• _Your instructions_: Write only how many lines in this data include "Power".

Collection entries:
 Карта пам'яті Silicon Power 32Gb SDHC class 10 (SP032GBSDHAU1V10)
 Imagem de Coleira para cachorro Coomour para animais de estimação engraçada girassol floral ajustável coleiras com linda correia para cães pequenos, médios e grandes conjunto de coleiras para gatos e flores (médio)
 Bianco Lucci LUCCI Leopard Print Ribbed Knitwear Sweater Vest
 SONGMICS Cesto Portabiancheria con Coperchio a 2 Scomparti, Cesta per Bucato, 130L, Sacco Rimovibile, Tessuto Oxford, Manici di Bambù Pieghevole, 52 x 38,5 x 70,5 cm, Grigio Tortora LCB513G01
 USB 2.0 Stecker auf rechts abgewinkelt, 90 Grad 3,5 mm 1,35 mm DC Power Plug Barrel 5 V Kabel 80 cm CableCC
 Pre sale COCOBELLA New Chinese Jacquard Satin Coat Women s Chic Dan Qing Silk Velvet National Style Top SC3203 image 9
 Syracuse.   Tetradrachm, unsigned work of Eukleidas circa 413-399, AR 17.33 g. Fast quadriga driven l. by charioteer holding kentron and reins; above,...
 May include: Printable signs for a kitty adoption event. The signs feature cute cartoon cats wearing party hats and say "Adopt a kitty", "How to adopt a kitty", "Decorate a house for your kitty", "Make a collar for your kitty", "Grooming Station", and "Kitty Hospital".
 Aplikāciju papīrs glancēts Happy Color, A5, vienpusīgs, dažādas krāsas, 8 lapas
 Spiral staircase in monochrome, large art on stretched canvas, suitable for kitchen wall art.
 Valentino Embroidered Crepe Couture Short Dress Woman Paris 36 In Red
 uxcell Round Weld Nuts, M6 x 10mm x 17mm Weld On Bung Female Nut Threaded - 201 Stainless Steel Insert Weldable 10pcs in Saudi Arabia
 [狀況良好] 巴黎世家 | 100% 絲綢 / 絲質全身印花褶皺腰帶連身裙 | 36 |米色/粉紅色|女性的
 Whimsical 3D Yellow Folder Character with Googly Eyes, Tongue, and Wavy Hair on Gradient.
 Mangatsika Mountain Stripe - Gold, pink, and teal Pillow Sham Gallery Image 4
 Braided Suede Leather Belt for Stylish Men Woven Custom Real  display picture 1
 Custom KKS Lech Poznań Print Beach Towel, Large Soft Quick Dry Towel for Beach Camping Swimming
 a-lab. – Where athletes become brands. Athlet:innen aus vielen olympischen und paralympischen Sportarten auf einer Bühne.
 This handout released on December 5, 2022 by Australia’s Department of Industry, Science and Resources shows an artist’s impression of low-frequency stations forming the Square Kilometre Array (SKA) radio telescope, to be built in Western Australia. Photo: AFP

• _Solution to the problem_: 2